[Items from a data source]
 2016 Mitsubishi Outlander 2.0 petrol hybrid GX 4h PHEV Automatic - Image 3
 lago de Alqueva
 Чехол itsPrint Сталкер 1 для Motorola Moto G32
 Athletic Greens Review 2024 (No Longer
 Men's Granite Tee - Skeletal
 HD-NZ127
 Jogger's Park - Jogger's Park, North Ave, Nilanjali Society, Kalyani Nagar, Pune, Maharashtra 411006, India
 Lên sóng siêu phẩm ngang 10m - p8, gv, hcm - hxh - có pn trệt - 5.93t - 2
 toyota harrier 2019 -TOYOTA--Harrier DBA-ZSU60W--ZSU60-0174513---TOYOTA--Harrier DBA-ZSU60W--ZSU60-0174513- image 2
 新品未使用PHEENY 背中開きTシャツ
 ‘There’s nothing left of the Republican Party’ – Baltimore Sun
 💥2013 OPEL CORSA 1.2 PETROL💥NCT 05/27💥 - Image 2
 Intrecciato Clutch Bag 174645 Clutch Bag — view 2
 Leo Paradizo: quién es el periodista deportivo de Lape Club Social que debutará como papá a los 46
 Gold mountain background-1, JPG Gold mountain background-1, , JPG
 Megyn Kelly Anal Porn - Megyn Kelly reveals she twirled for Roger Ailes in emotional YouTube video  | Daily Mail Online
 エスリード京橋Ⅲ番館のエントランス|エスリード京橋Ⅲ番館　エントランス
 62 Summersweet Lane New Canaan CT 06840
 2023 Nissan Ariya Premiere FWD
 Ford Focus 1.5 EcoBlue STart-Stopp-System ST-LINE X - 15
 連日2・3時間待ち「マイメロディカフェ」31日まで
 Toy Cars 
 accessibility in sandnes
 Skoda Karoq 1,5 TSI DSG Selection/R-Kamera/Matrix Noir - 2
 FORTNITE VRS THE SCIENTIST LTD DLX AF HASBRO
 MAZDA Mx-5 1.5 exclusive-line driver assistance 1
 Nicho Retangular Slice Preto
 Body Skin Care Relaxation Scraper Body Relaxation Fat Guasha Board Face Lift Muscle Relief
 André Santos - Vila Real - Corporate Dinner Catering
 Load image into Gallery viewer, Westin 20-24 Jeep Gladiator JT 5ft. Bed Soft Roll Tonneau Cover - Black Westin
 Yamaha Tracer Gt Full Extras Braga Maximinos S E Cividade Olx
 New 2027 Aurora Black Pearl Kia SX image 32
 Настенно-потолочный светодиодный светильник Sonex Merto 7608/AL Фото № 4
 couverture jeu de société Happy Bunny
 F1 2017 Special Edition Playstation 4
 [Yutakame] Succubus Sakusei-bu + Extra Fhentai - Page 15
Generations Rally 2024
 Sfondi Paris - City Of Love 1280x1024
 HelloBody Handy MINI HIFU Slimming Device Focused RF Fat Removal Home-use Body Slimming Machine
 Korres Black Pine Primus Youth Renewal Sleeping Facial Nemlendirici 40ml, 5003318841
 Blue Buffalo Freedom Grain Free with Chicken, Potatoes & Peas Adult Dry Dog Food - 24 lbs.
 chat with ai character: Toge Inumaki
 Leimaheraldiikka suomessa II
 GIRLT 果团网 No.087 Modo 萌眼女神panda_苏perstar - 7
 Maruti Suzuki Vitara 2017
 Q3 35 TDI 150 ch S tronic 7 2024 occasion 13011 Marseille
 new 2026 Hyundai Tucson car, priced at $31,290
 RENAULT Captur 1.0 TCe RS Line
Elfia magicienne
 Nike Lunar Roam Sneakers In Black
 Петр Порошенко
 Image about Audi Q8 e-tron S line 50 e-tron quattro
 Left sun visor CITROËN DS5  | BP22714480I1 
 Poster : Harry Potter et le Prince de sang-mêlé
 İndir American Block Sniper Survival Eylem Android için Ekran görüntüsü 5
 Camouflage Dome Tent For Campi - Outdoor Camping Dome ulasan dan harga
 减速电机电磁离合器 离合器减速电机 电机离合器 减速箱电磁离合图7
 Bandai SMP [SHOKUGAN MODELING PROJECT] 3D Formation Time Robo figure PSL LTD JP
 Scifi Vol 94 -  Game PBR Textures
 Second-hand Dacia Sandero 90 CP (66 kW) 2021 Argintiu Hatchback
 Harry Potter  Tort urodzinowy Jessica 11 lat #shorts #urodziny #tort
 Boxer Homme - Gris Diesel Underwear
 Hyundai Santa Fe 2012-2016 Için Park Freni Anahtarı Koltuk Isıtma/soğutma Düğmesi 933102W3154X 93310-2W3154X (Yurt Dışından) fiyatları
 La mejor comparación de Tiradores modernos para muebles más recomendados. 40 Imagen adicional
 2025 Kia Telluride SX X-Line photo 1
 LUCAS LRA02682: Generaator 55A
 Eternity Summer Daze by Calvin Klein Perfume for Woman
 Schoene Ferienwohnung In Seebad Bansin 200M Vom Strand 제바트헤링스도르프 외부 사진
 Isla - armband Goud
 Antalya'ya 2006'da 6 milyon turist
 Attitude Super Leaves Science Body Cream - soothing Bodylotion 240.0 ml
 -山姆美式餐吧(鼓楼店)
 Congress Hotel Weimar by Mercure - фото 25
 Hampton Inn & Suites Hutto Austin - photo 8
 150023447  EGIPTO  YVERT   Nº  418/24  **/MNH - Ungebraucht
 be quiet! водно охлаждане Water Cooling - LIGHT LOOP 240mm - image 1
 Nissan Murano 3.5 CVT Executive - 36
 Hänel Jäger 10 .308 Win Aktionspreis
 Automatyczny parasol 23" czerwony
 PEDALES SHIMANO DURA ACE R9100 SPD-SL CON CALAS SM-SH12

◆ WHAT IS EXPECTED
Among the records above, repeat exactly the line with "Ford Focus 1.5", the line with "Nicho Retangular Slice Preto", and every line in between, and only those.

◆ RESPONSE
 Ford Focus 1.5 EcoBlue STart-Stopp-System ST-LINE X - 15
 連日2・3時間待ち「マイメロディカフェ」31日まで
 Toy Cars 
 accessibility in sandnes
 Skoda Karoq 1,5 TSI DSG Selection/R-Kamera/Matrix Noir - 2
 FORTNITE VRS THE SCIENTIST LTD DLX AF HASBRO
 MAZDA Mx-5 1.5 exclusive-line driver assistance 1
 Nicho Retangular Slice Preto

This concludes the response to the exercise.